Capps pointed towards PCs, providing an open platform that has allowed developers and publishers freedom in terms of pricing, suggesting that console gaming will leak a steady stream of support if manufacturers persist with rigidly conservative business models.

'Double-A games will never come back unless we get rid of this notion of a game being $60 or not released. The console manufacturers need to let this happen. The best way of driving developers to PC is telling them they have no freedom in what prices they can set for virtual items. It would be great to have the level of freedom that, say, Steam gives you.' [Develop]

Add a comment2 comments
gunnx  Oct. 27, 2011 at 16:18

It doesnt feel like the PC market is where all the money is and what happened to the advantage of a console, in that its a steady platform that is the same for everyone. Games are pricey but then the cost of developing games is huge. Though to be honest I'd prefer if they just concentrated on making good games and not worry about how much to charge for trivial non-essential DLC.

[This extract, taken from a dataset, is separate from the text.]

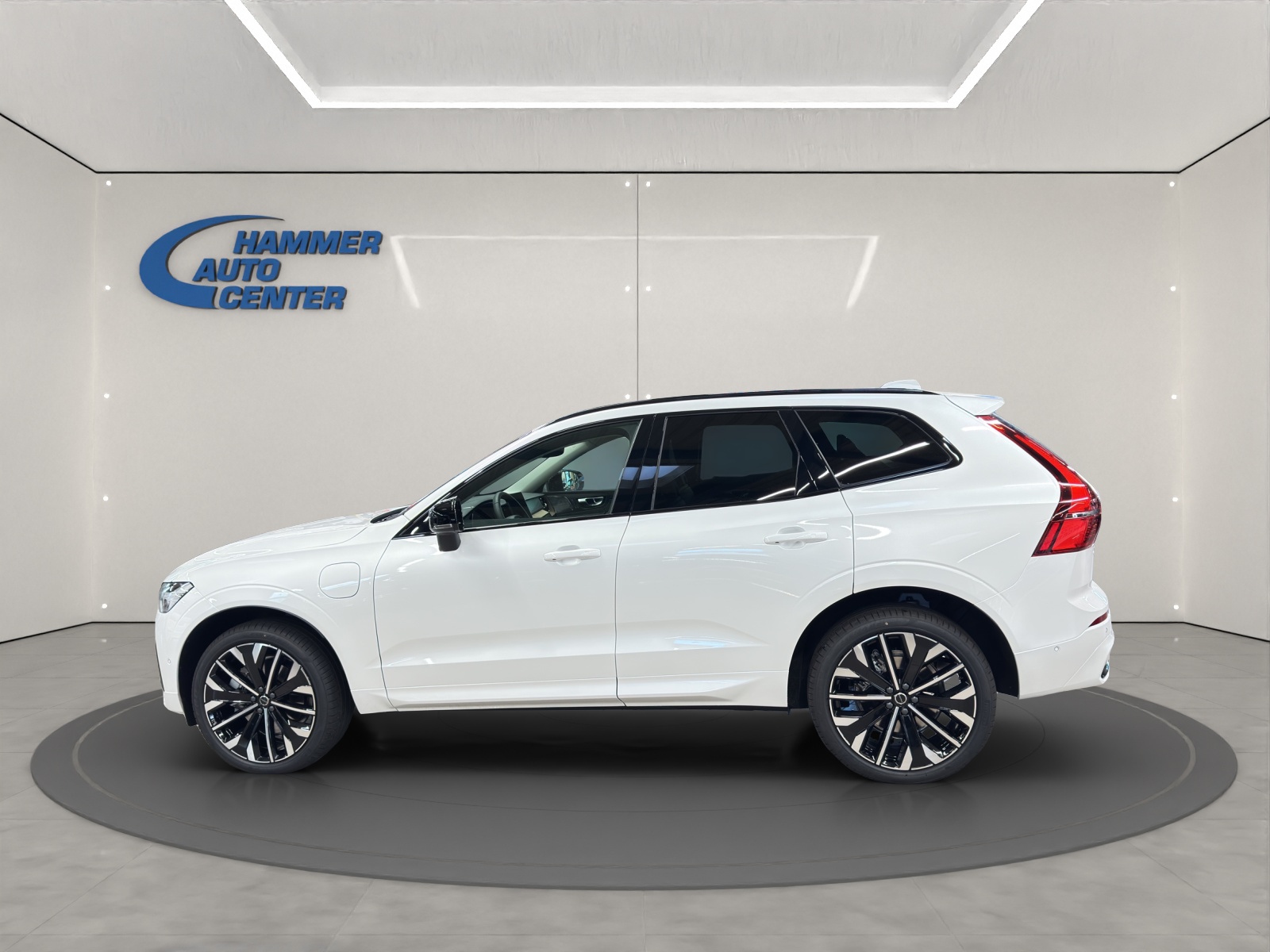 VOLVO XC60 2.0 T6 TE Ultra Dark eAWD-image-1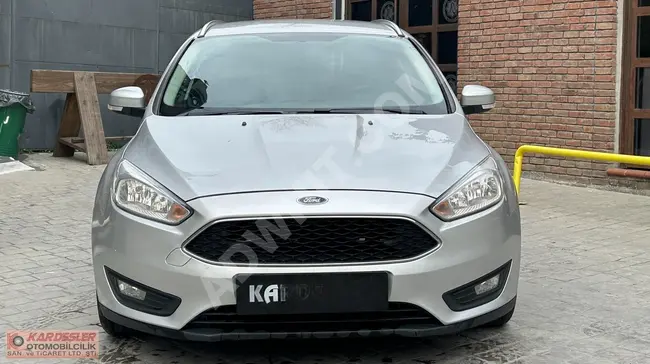 سيارة FORD FOCUS SW موديل 2017 - ديزل + أوتوماتيكي + كاميرا خلفية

Lemming  Oct. 27, 2011 at 16:33

I'd say this focus on DLC and "micro-transactions" is what is doing the most harm. Many recent releases are prime examples of this where it feels that content was cut from the game just to make more money from DLC or exclusive editions/passes. Arkham Asylum especially was ridiculous for including different DLC content with so many versions.

I'd much rather see developers spending time to develop a full story from start to finish with all the content in it and release extra extra modes / maps as DLC. Fallout is a perfect example for well managed DLC where it adds to the game without being a major missing part of the plot if you don't have it.